Workshop 1 Weds 17th Sept 9.00am – The Organization and Funding of Early-Stage Businesses
Investors typically use four criteria when evaluating an investment opportunity: (1) the attractiveness of the project analyzed in terms of market size and growth, product attractiveness, the business strategy, the likelihood of customer adoption, and the competitive position of the venture; (2) the quality of the management team and the organization of the venture; (3) deal terms; and (4) exit opportunities (the topic of Workshop 3). This Workshop delves into the organization and governance of early-stage businesses. Recent developments on this topic reveal that there have been major changes in how early-stage businesses are organizing themselves nowadays. How did this come to be? There is an increasing shift towards more entrepreneur favorable deal terms, investors are ditching the legalese and are instead opting for more user friendly term sheets, and the reputable and well-established investors are orchestrating a code of conduct to restore trust and confidence in the start-up ecosystem. Each of these developments begins to confirm the changing landscape within the industry. One thing is clear: early-stage businesses better take notice.

Workshop 2 Weds 17th Sept 2.00pm – New Trends in Early-Stage Business Financing
Access to finance is a major challenge for early-stage businesses.
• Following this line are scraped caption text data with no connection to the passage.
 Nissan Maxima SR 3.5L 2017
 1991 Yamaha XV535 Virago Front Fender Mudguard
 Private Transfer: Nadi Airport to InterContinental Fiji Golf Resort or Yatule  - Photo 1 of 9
As discussed in Workshop 1, there are many strings attached to traditional financing whether it be through equity or debt, which explains the increasing interest in alternative investment options, including new types of investors such as micro-venture capital funds, crowdfunding platforms and corporate venture capital. Many of these financing options offer unique propositions beyond what is offered by the more traditional avenues of funding. For instance, crowdfunding (as a new type of entrepreneurial finance) enables early-stage start-up companies to raise ‘venture capital’ from a large group of individuals, sidestepping the traditional fundraising process that includes lengthy due diligence periods and tough negotiations over the valuation and contractual terms. This Workshop has been designed to better understand the new trends in early-stage business financing and to create awareness of the difficulties and challenges associated with these alternative financing options.
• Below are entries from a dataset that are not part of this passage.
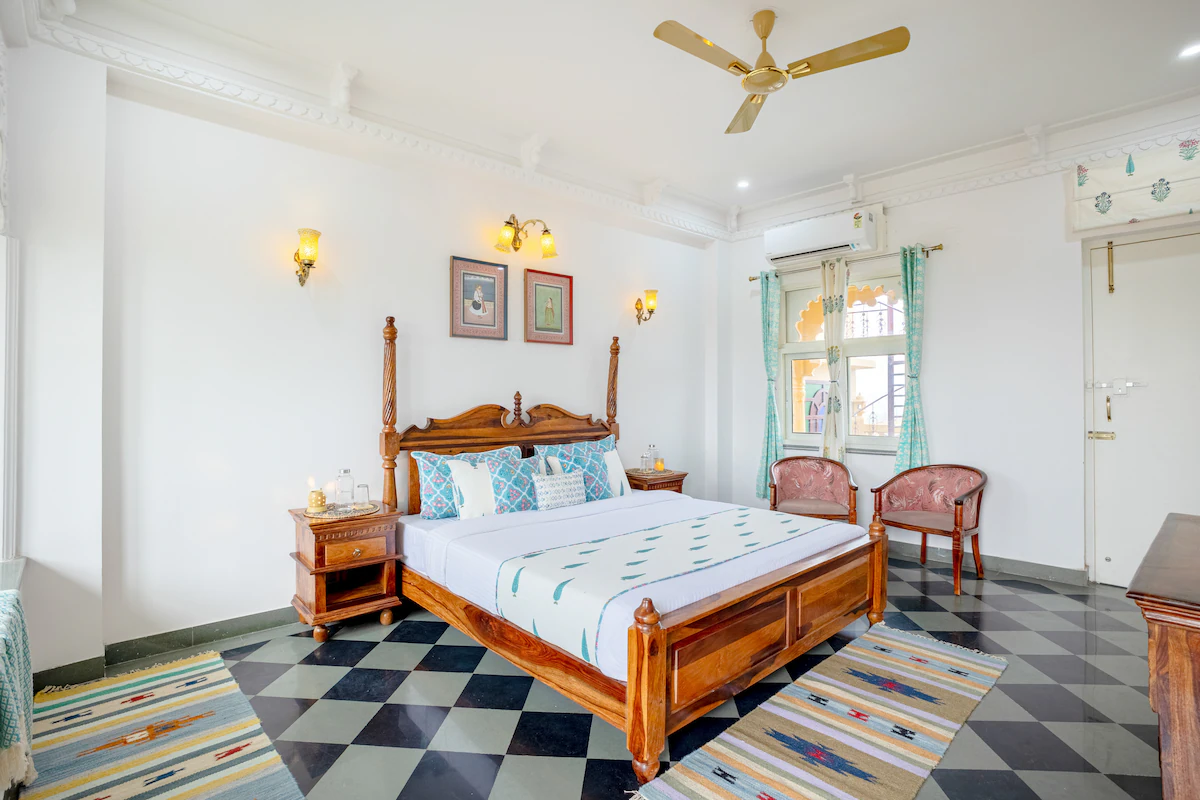 Grand Terrace Udaipur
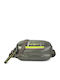 Frauen Bum Bag Taille Silber
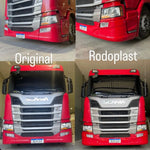 Capa Para-choque Scania NTG Cabine P - Rodoplast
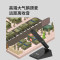 润普Runpu RP-GYX2486S 国产化有线专业电容麦克风桌面式鹅颈麦话筒 卡侬接口可连调音台会议终端 QY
Workshop 3 Thurs 18th Sept 9.00am – The Truth about IPOs (and Acquisitions) of High Tech Companies
Liquidity issues disrupt the venture capital model and make venture capital investments less attractive. How should this problem be addressed? The solution is clear: We need more liquidity options (e.g., a structured pre-IPO segment in stock markets) that can effectively bridge these gaps. The Workshop starts with a bird’s eye view of legal and institutional measures that are currently being unveiled by policymakers, regulators, and exchange operators in their attempts to revitalize the IPO model. We later zoom in to examine the determinants that make an IPO successful. A particular focus is on the interactions among managers, board members, and investors. These interactions can have a positive impact on the inner workings of the newly listed company. We also explore the dynamics of the IPO market, and in particular show how interactions with intermediaries and advisors affect the further development of companies beyond the IPO. Finally, the Workshop looks at the costs and benefits of IPOs (compared to acquisitions).